Making Good with Range Brass
I often hear from other shooters or competitors that they never pick up range brass because they have had too many issues. Being a consumer of range brass with a number of lessons learned I’ve been asked by several friends to write down my routine. Picking up someone else’s spent cases and taking them home is something that I routinely do without reservation.
Over the years I’ve developed an easy process that seems to work well. You can be your own judge whether it will work or not. I load on a progressive press – a Dillon 650 because I enjoy the ease at which the press works and its accessories. The case feeder increases the efficiency and output dramatically. There are other progressives on the market that will work as well however a single stage press will get the job done. A couple of steps need to occur before we put the brass to the press which includes sorting and tumbling. These two steps will save you a lot of headaches! There is nothing worse than having a piece of 22lr stuck inside a case during the de-priming operation.
Step 1 – Initial Case Prep: Once the brass has been tumbled or cleaned remove all non 556 or 223 pieces of brass. In preparation for sizing and de-priming add a small amount of lubrication to the brass placing several hundred rounds in the case feeder. Before starting the de-priming and sizing process remove the powder dump and back the bullet seating and crimping dies out so that the sizing die is the only tool being used. I will run a batch of 500-1000 cases through this step which will get us set up for the next step.
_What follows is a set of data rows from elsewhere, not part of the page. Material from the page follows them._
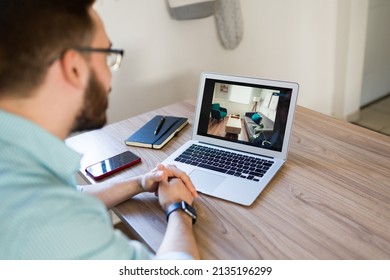 Young Man Seen From Behind Watching A Virtual Tour Video On The Laptop. Caucasian Man Looking To Buy A New Property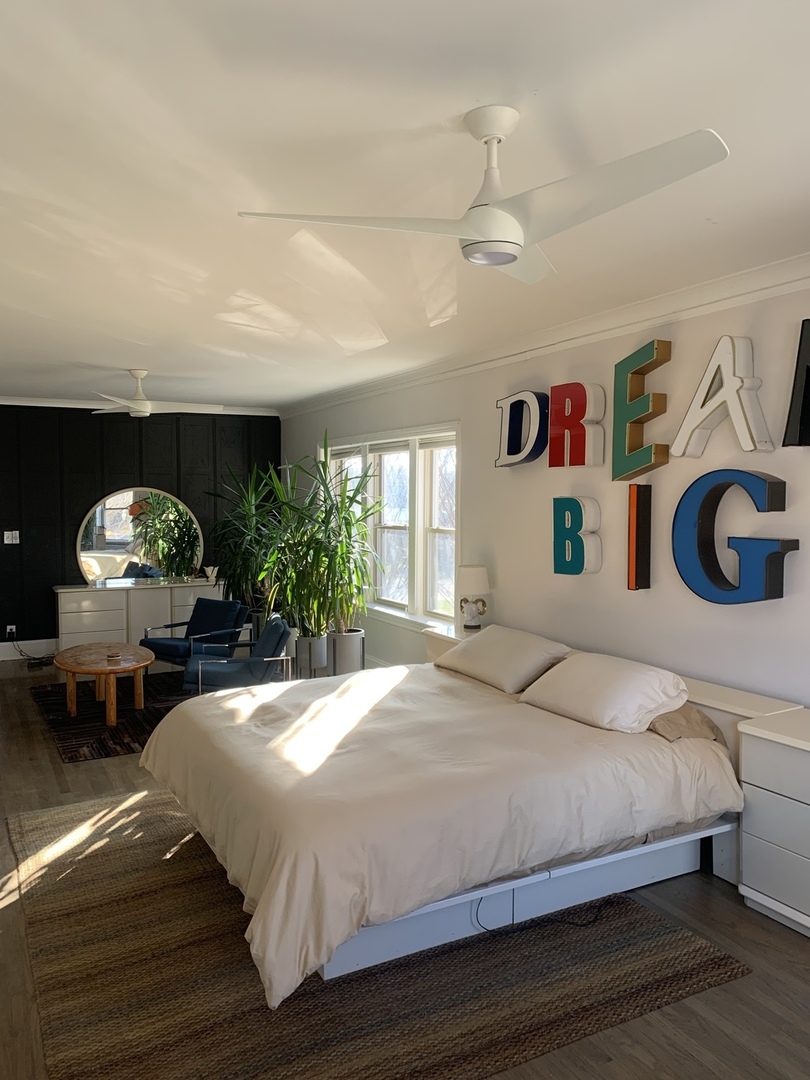 5259 West Roscoe Street, Unit 1F Chicago, IL 60641 - Photo 20 of 53 a bedroom with a bed a dresser and potted plants with wooden floor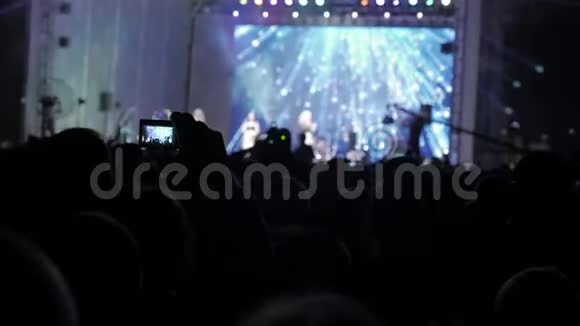 音乐音乐会上的人群在明亮多彩的舞台灯光前喧闹的人群生活方式剪影视频的预览图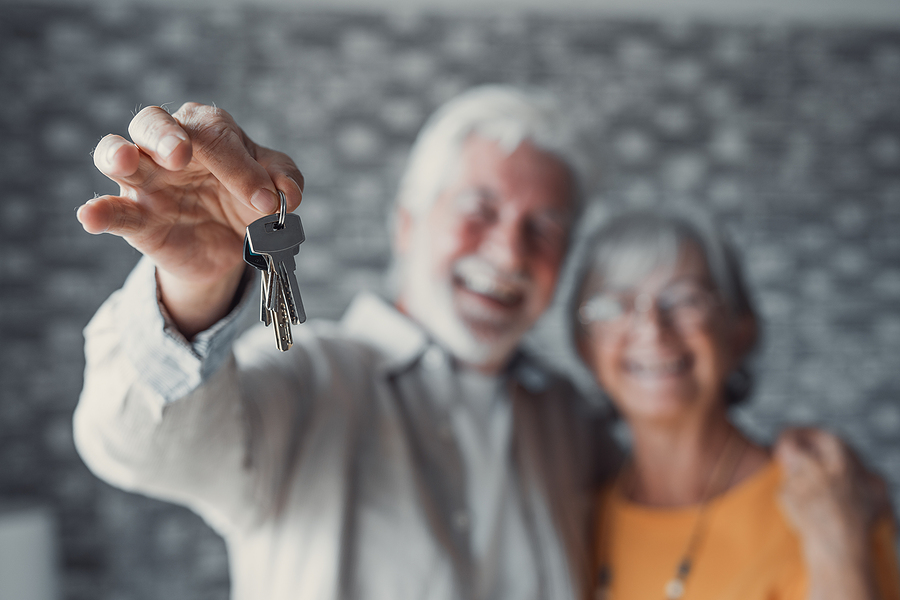 Happy Old Couple Show Keys To Own Apartment over 55 communities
Step 2 – Trimming Cases: There are a number of good trimmers on the market. I use the WFT2 made by Little Crow Gunworks. The trimmer is attached to a half inch drill which is locked in a vice. It’s also a good idea to place a catch tray below so that shavings are captured and can be tossed afterwards. This trimmer is designed to use full length sized brass. By only neck sizing there is a possibility that cases will get stuck inside the trim chamber. The instructions that come with the trimmer say to hold the case with one hand while and squeeze the drills on button with the other. What I found that works well and increases efficiency is to set the drill on a low RPM which frees up the right hand to assist with trimming. I hold the brass with a pair of pliers which retains the brass and prevents it from spinning. One of my lessons learned! The left hand applies a slight about of pressure pressing the case inwards against the cutter. Be sure to wear eye protection and watch out for small pieces of brass on the floor if you enjoy running around in your bare feet!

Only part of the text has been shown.